HELM: Hierarchical and Explicit Label Modeling with Graph Learning for Multi-Label Image Classification
This addresses the challenge of multi-path hierarchies and unlabeled data exploitation in remote sensing image classification, representing a strong domain-specific advancement.
The paper tackles the problem of hierarchical multi-label classification in remote sensing by introducing HELM, a framework that uses hierarchy-specific tokens and graph learning to capture label dependencies and leverage unlabeled data, achieving state-of-the-art performance on four datasets.
Hierarchical multi-label classification (HMLC) is essential for modeling complex label dependencies in remote sensing. Existing methods, however, struggle with multi-path hierarchies where instances belong to multiple branches, and they rarely exploit unlabeled data.
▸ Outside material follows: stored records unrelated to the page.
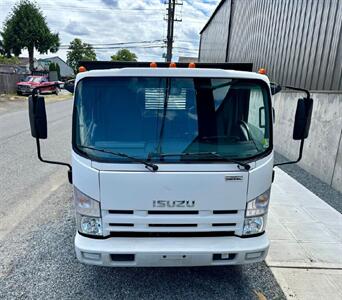 2015 Isuzu NRR 22' Flatbed w/ Liftga Nrr - Photo 6 - Seattle, WA 98108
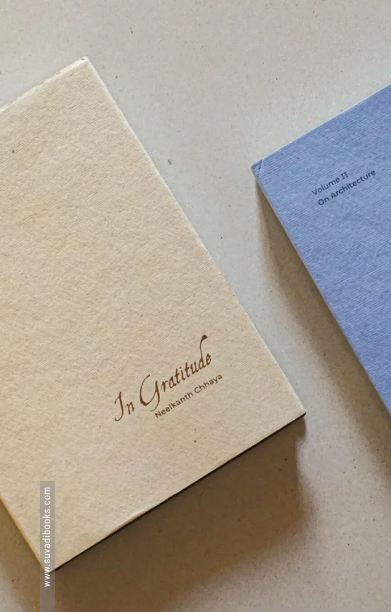 In Gratitude & Listening to Stillness (Vol I & II)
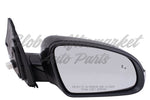 DOOR MIRROR RH POWER HTD W/SIGNAL PTM — photo 1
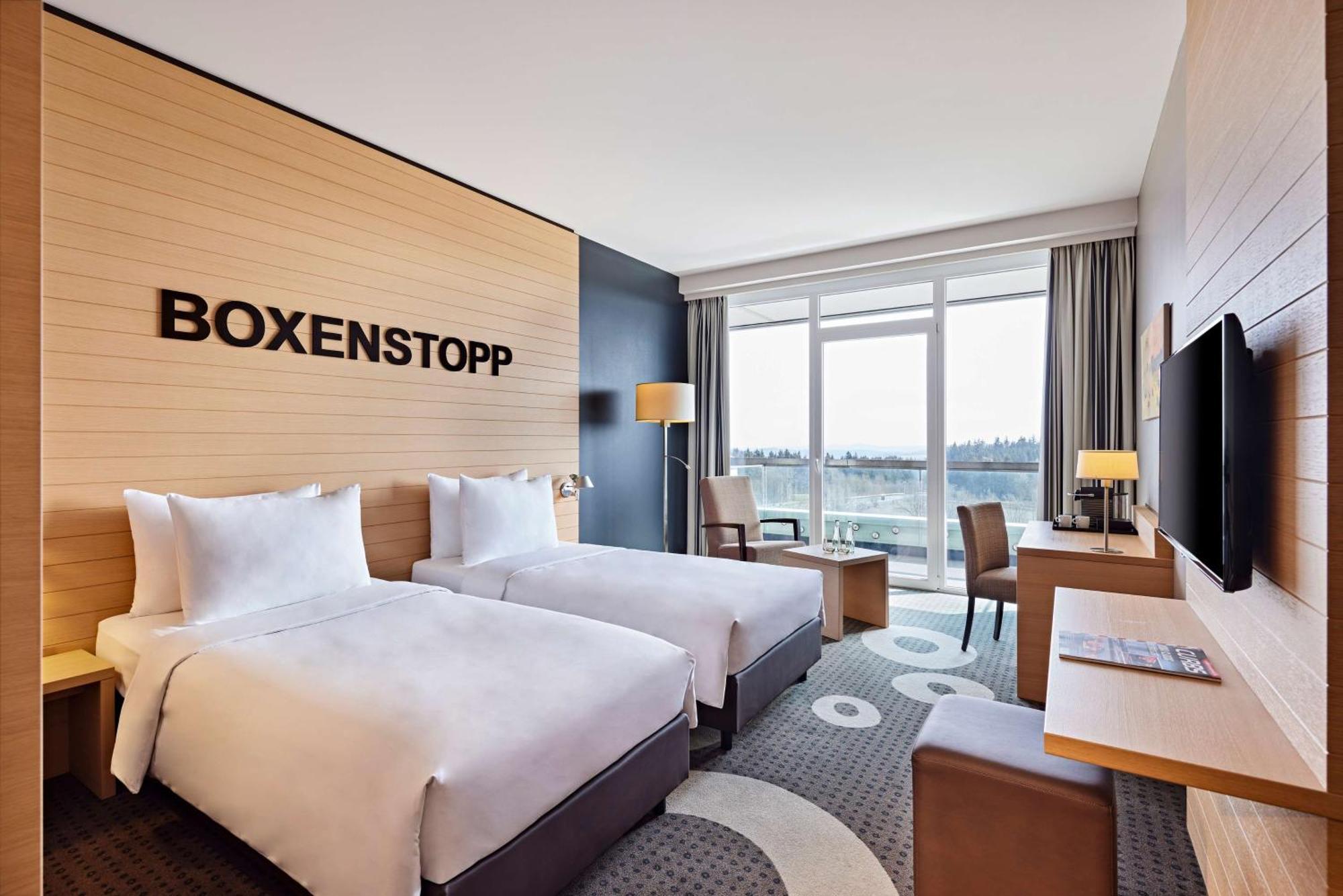 Lindner Hotel Nurburgring Congress, Part Of Jdv By Hyatt Dış mekan fotoğraf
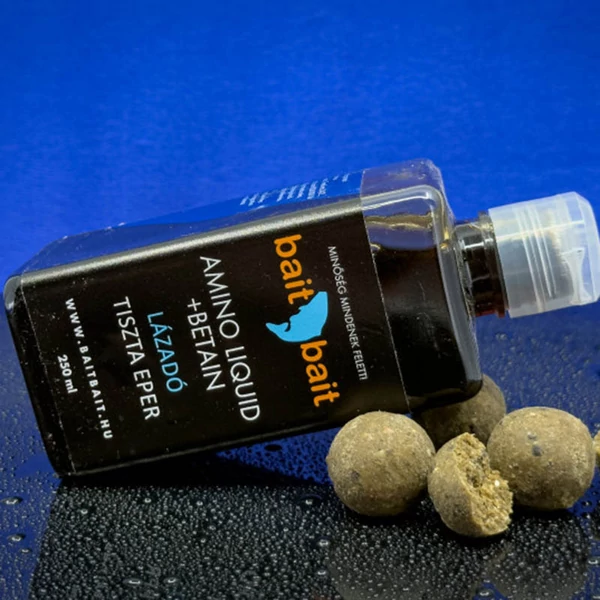 Bait Bait Aminó locsoló Lázadó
We introduce HELM (\textit{Hierarchical and Explicit Label Modeling}), a novel framework that overcomes these limitations. HELM: (i) uses hierarchy-specific class tokens within a Vision Transformer to capture nuanced label interactions; (ii) employs graph convolutional networks to explicitly encode the hierarchical structure and generate hierarchy-aware embeddings; and (iii) integrates a self-supervised branch to effectively leverage unlabeled imagery. We perform a comprehensive evaluation on four remote sensing image (RSI) datasets (UCM, AID, DFC-15, MLRSNet). HELM achieves state-of-the-art performance, consistently outperforming strong baselines in both supervised and semi-supervised settings, demonstrating particular strength in low-label scenarios.